(Recorded data):
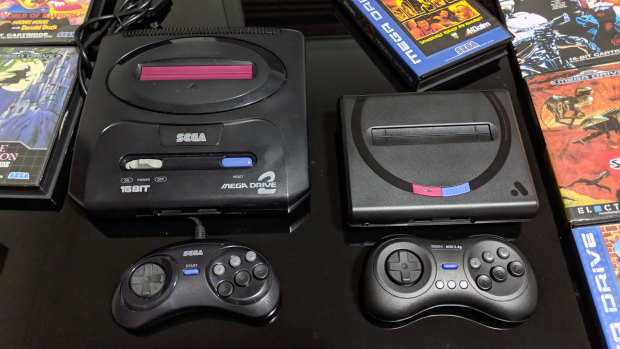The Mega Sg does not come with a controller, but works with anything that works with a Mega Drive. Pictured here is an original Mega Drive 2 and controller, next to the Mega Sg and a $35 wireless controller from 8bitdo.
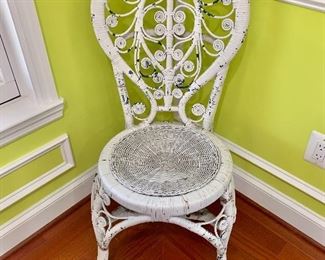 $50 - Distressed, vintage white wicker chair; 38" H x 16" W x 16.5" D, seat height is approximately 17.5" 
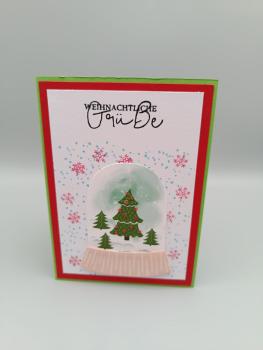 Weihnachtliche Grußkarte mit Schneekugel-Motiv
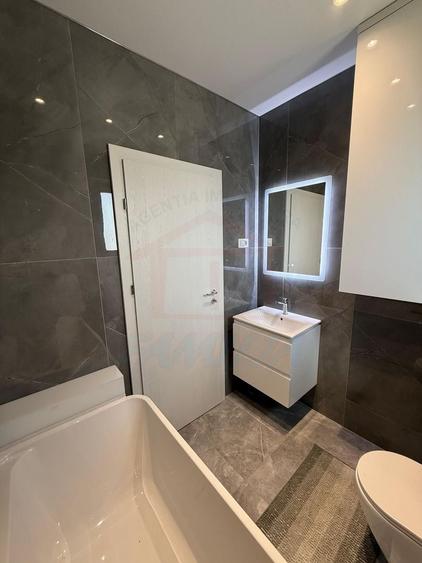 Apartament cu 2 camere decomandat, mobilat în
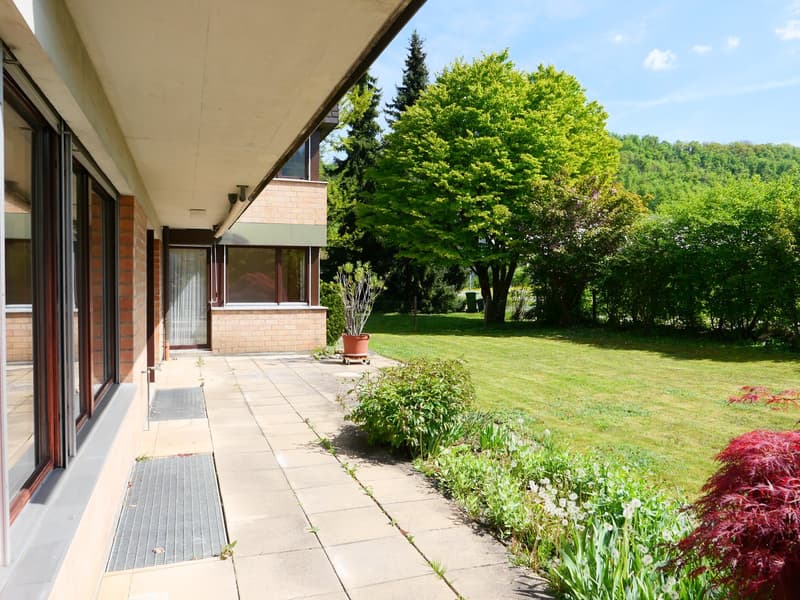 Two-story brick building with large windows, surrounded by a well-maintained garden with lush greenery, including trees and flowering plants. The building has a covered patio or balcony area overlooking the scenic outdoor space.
--
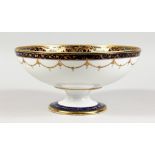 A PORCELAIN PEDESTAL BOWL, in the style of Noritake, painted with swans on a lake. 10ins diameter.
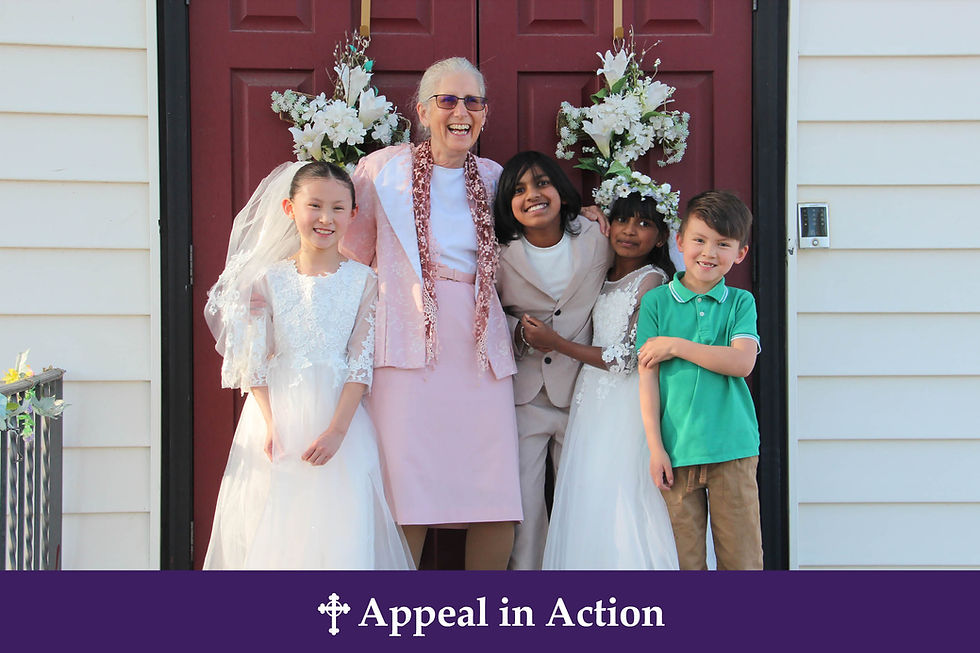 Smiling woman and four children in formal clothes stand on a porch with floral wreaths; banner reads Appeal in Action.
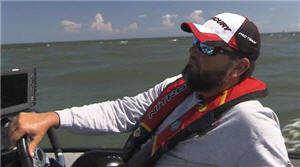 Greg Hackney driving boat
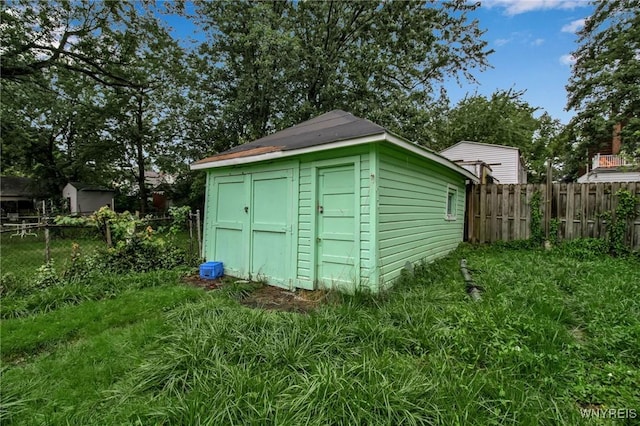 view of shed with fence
---
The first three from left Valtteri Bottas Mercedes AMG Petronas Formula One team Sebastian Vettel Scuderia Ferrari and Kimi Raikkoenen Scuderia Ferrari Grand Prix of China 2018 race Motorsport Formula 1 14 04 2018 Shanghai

(What to work on): Using the data above, print only the lines starting at the one with "Weihnachtliche Grußkarte mit" and ending at the one with "Two-story brick building", exactly as they stand, minus the pictures.

(Expected output):
 Weihnachtliche Grußkarte mit Schneekugel-Motiv
 Apartament cu 2 camere decomandat, mobilat în
 Two-story brick building with large windows, surrounded by a well-maintained garden with lush greenery, including trees and flowering plants. The building has a covered patio or balcony area overlooking the scenic outdoor space.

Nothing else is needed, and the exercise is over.